A Thanks That's Almost 30 Years Overdue

I often get asked who my influences are...

The answer includes many important mystery and thriller writers such as Raymond Chandler, Robert Parker, and, of course, John D. MacDonald. Other important influences are writing teachers, and one stands out for me.

Back in 1986, a debut novel titled Red Earth, White Earth was published to critical and commercial acclaim. Written by a creative writing professor in Minnesota named Will Weaver, Red Earth, White Earth was about two young friends, one white and one Chippewa, and the way they coped with the struggles of Native Americans in a largely white society.

The novel, which was made into a movie, was an impressive story. It has stayed with me to this day, thirty years later. At the time it came out, I'd written a couple of novels, both of which are still in a drawer. When I learned that Will would be teaching a week-long workshop on novel writing at the Duluth campus of the University of Minnesota, I was probably the first to sign up.

The workshop was great, and Will's insight was so helpful that I remember many of his comments to this day. He was also kind enough to give me post-workshop input on one of my manuscripts.

Not long after that workshop, Will published a short story called A Gravestone Made Of Wheat. It was the story of a young woman who emigrates from Norway to Minnesota to marry a Norwegian American farmer. I've revisited this story many times and I still think it is the single most powerful short story I've ever read. A Gravestone Made Of Wheat was also made into a movie called Sweet Land, which was also good.

Will's other novels are great, too, and one of them, Memory Boy, has even been turned into an opera! (Just try to imagine Owen McKenna and Spot-meets-Verdi - Oooh, I'm envious.)

I've attended multiple workshops and writing conferences over the years. The week I spent at Will's workshop is still the high point of those experiences.

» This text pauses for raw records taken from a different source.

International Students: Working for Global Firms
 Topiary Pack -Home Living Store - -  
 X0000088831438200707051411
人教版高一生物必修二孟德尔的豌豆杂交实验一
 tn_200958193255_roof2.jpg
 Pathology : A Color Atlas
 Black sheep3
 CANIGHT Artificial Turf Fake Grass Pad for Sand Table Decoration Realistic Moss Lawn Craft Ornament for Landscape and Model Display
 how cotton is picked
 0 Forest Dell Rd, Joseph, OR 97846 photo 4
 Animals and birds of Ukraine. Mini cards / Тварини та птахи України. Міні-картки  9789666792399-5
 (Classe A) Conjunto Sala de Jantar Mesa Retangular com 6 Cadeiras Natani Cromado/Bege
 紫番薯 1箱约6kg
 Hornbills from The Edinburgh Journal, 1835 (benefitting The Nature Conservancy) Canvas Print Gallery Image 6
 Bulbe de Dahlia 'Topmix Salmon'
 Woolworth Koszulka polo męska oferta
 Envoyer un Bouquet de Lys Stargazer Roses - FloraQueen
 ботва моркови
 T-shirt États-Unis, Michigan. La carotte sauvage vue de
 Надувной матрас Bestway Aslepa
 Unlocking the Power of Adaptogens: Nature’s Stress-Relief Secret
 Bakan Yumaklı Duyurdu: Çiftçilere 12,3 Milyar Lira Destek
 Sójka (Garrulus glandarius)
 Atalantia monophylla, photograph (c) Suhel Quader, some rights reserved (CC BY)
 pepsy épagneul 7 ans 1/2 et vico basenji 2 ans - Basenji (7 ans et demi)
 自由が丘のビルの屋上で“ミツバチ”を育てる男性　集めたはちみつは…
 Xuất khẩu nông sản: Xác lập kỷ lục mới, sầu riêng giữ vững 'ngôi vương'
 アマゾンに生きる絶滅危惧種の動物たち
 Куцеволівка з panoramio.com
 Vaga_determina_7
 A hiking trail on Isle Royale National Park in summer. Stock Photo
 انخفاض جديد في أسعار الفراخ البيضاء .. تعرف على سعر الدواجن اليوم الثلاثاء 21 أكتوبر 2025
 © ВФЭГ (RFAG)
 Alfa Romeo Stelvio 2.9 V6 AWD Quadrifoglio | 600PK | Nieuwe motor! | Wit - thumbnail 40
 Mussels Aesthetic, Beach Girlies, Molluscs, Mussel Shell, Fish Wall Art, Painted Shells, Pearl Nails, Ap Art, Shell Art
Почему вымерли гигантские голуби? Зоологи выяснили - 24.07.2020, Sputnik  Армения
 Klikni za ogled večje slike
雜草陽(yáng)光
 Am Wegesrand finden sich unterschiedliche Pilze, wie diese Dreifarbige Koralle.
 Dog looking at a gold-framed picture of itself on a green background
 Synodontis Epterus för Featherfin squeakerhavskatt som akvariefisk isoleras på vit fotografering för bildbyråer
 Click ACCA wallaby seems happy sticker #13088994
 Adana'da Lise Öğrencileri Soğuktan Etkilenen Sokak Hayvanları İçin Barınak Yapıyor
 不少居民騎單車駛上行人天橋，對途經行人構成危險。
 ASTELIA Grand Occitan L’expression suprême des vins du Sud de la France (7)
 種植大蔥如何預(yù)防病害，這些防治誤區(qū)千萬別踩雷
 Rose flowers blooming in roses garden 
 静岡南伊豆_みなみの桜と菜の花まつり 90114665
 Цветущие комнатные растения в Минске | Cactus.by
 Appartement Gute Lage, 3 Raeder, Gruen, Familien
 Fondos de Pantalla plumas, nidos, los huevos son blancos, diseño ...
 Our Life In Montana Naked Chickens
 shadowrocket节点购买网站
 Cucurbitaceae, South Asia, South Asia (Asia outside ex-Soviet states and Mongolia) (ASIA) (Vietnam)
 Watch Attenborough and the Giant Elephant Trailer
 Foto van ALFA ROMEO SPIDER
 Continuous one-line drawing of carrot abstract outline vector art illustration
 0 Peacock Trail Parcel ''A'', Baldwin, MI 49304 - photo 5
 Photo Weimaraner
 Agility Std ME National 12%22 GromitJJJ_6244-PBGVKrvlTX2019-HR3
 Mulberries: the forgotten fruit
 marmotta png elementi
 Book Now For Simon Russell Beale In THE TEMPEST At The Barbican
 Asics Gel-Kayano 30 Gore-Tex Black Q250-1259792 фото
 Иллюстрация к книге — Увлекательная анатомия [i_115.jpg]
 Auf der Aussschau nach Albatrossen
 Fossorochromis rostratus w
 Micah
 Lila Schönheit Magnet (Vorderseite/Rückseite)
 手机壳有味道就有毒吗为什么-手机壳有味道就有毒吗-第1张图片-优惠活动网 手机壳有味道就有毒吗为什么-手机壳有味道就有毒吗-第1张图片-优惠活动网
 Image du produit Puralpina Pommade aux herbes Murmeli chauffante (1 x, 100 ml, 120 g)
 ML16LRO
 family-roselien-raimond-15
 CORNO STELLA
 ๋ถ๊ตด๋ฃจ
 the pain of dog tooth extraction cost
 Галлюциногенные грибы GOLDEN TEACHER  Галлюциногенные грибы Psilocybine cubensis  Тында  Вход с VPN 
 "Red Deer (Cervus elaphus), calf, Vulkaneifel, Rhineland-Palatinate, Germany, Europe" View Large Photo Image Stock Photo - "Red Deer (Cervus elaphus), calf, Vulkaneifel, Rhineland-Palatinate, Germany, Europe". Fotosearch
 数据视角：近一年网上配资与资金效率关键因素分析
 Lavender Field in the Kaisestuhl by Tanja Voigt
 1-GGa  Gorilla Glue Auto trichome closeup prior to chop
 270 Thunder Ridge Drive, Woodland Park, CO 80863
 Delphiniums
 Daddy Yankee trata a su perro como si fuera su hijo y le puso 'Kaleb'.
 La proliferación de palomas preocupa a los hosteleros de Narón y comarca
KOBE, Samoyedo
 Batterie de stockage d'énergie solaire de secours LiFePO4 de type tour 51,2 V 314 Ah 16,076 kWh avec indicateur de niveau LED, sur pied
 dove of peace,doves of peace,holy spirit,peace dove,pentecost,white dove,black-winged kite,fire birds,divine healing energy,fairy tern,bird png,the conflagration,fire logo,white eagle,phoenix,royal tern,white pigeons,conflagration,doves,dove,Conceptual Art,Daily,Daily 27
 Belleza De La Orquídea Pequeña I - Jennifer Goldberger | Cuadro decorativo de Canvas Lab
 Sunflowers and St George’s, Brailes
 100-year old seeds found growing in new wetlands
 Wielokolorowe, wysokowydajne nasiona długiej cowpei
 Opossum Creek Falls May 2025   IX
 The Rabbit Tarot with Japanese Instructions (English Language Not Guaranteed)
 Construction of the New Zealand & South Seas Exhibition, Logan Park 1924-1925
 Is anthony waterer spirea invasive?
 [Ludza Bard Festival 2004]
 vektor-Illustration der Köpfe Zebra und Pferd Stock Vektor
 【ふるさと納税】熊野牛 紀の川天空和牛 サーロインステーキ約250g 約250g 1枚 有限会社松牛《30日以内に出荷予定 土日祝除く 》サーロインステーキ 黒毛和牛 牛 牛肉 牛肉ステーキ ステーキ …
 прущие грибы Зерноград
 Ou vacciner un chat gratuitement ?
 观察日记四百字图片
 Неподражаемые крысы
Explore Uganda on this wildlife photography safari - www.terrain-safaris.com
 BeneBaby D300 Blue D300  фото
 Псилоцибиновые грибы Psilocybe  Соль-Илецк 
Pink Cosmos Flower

Will continues to teach outside of the classroom with his blog In The Write. In it you will find helpful tips on writing, an insider's look at the business, and trenchant observations about changes in the publishing industry.

Will Weaver is a serious writer of literary fiction. As a writer of entertainment fiction, my work is substantially different. Yet, I've always considered Will one of my major influences. I still hear his sage advice, I still remember his helpful critique, and I still value his early support of my writing.

My hat's off to Will, a great novelist as well as a great writing teacher.